In my job, I work with women around the world to tell their stories to an international audience. Every day, I connect online with grassroots women leaders around important development issues like poverty, conflict, gender-based violence, and health. I get to see the efforts women are spearheading to combat these issues. I get to help make these efforts known, and I get to form deep and lasting bonds with women I may otherwise not have met. This is the power of World Pulse. This is the power of connectivity and digital media.
Being on the ground in Zambia has taught me so much about what women are truly facing, especially when it comes to global health. Since arriving, I have been meeting with World Pulse community members almost every day—and I am struck by their resilience, their passion, and their commitment to their country. It’s an energy I see from women all across our community, and it is an honor to witness it first hand in a nation like Zambia.
Zambia faces many challenges, the most obvious being the deadly AIDS virus that has swept this country for the last two decades. I knew this going in, that 14.3% of this nation’s population is HIV+, but I don’t think the reality of what that means set in for me until arriving on the ground.
Every woman I have met has a story: she is HIV+, or she has lost a relative to the disease; or she has a friend who is deeply ill. One World Pulse member told me she has lost 30 relatives to the disease over the past two decades.
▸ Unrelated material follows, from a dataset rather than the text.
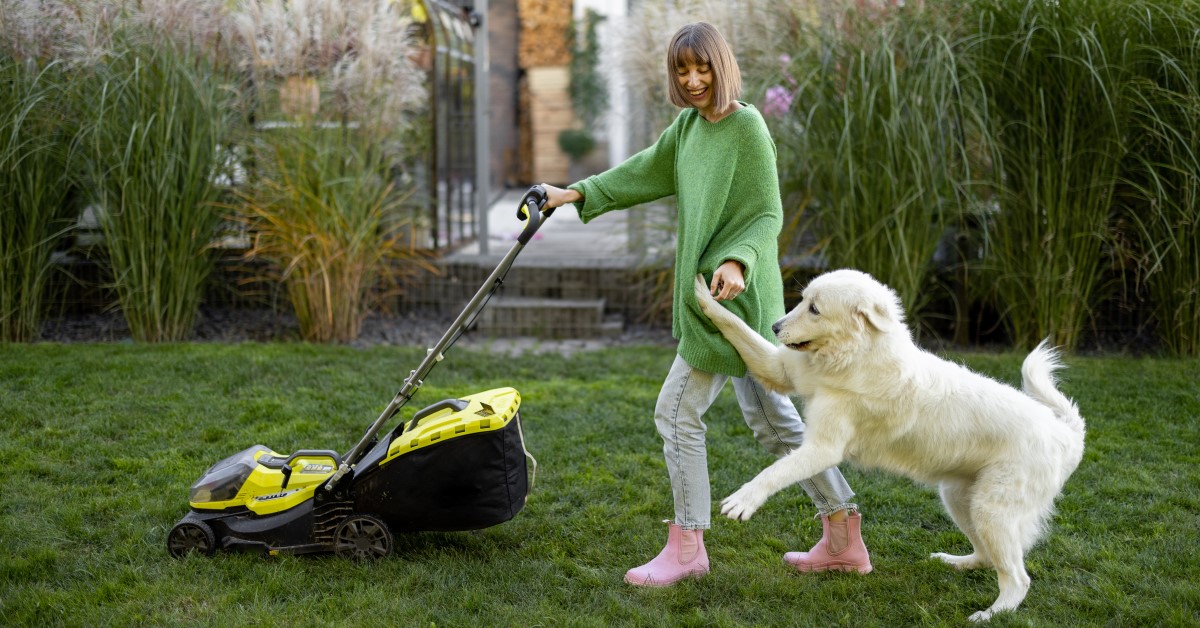 Spring Yard Cleanup to Keep Your Pets and Family Safe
Unfortunately, her experience is not an anomaly.
I am working with women to tell their stories about HIV specifically, and I am deeply moved by the narratives I am hearing. They are powerful. They are heartbreaking. And they need to be told. You can read them here, on the World Pulse Magazine page. There will be a slow trickle of stories as I complete each interview and edit each piece. I hope you will read and connect with these strong women who are bravely sharing their experiences with the world. As I said, these stories need to be told.
There is heartbreak here, but there is also hope. In many ways, Zambia is on the cutting edge of HIV prevention. It is one of the four countries identified by Secretary Clinton as a country that is on track to being an HIV free zone. There is a strong commitment from Zambia’s government to reduce rates of transmission and to treat those who are already infected. Ten years ago, 4,000 people were accessing ART (antiretroviral therapy). Today, that number is up to 500,000.
World Pulse women tell me they are living their lives despite their statuses. They tell me they are leading initiatives to raise awareness about transmission. They tell me about medical miracles that have allowed them to give birth to children who are HIV negative. They tell me about their activist efforts to change the Zambian culture that often puts women at higher risk. And they tell me they are yearning to have their stories and their voices heard.
It is an honor to do this work, and it is an honor to witness the transformation that Zambia is undergoing. I hope one day to be able to return to Zambia—to see where the country is in five, ten, fifteen years. I hope for a day when Zambia can claim a generation of HIV negative children; and I hope for a day when the women of Zambia are recognized for their leadership in fighting the very real health issues that have brutal consequences for Zambia’s people—because these women are at the forefront of change in Zambia. They are the future of this beautiful nation.